- Required work -
Give back the whole listing word for word and skip each picture.

- Data provided -
== == ==
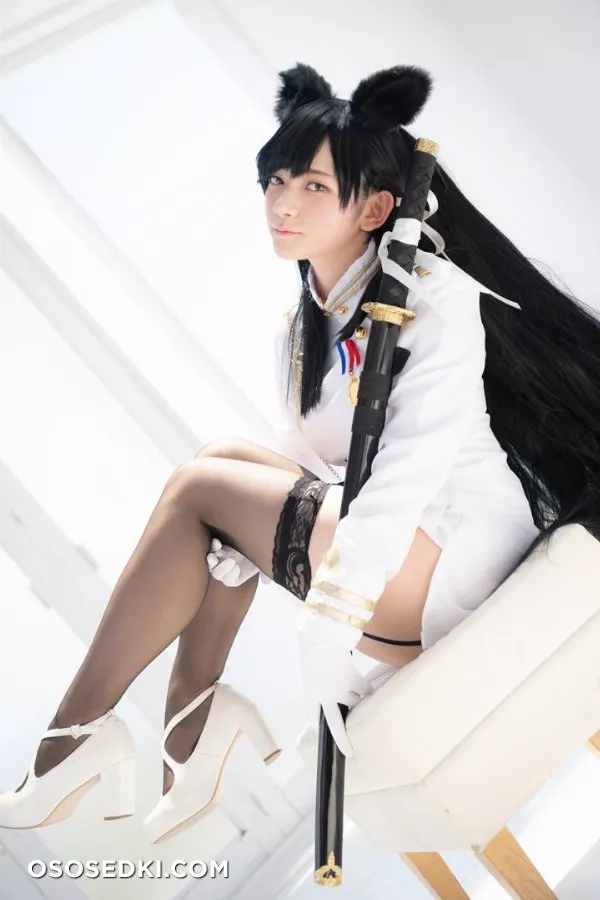 [尊みを感じて桜井] 愛宕お姉さんが本気でお熱いお仕置きしちゃおうかしら？ - 55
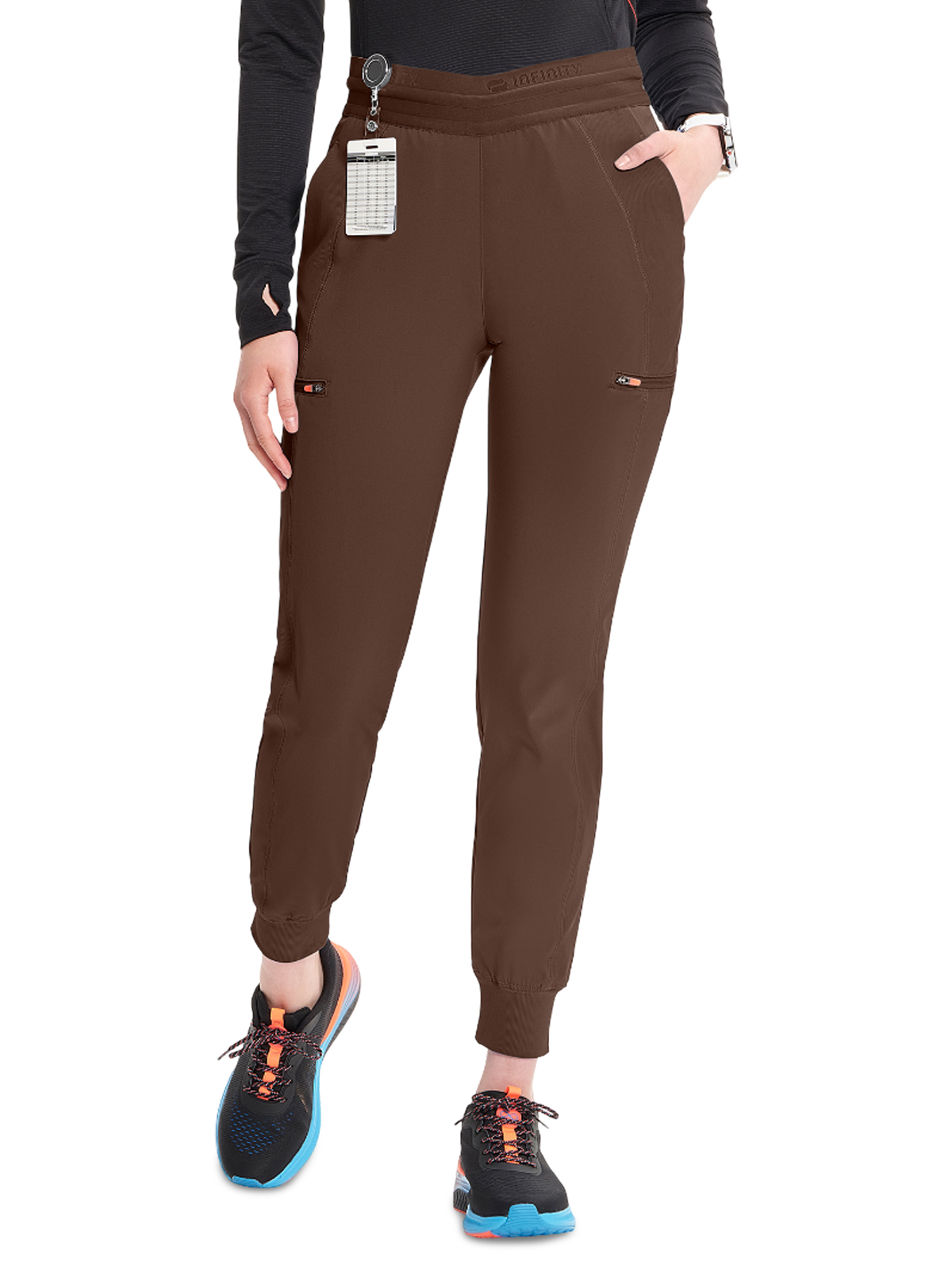 Infinity GNR8 - Women's Mid Rise Jogger Pant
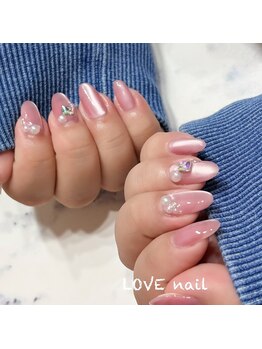 LOVEネイル/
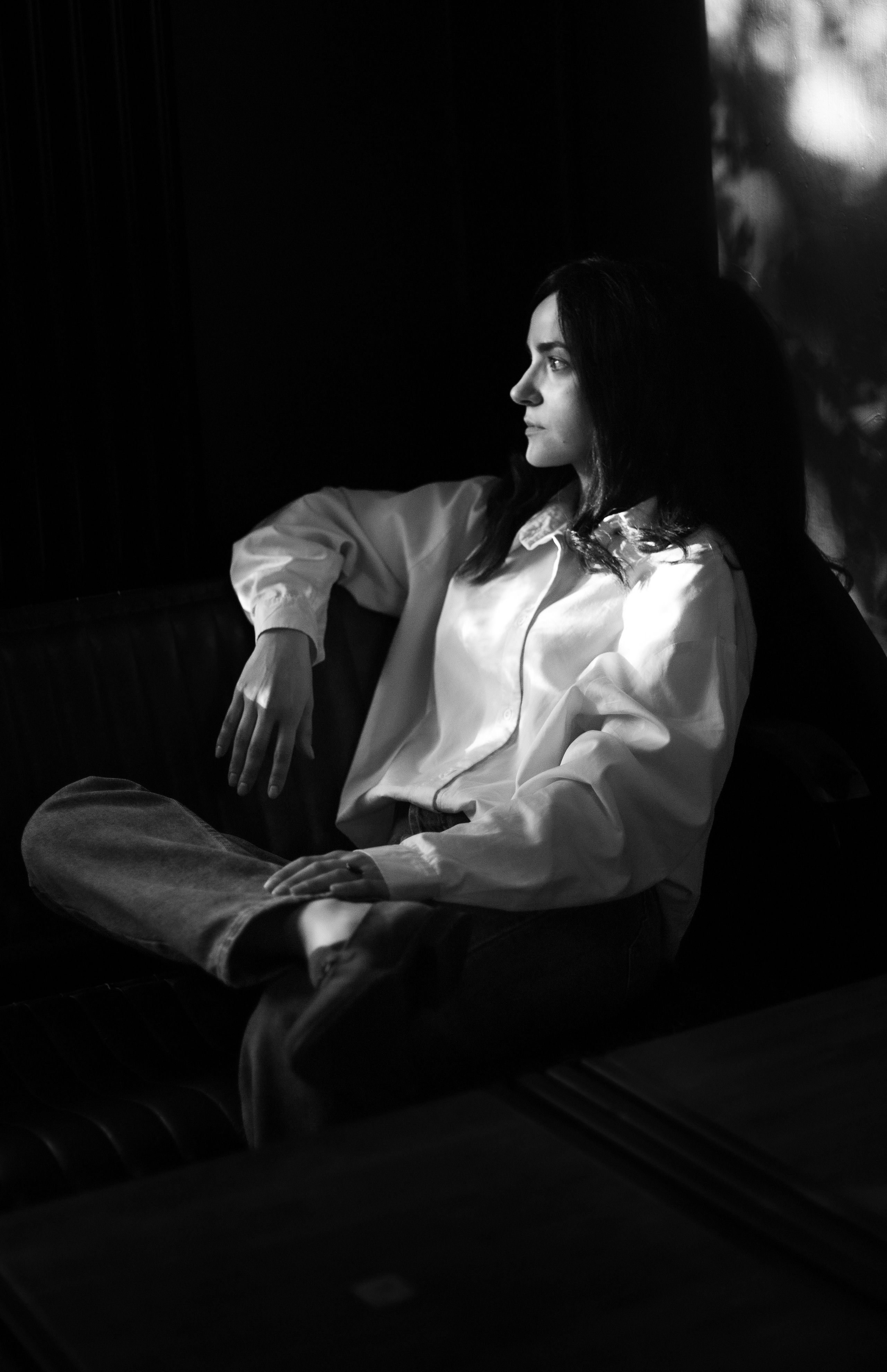 Кафе с Мари. Александра Пылёва. Фотограф. Москва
== == ==
- Exercise answer -
 [尊みを感じて桜井] 愛宕お姉さんが本気でお熱いお仕置きしちゃおうかしら？ - 55
 Infinity GNR8 - Women's Mid Rise Jogger Pant
 LOVEネイル/
 Кафе с Мари. Александра Пылёва. Фотограф. Москва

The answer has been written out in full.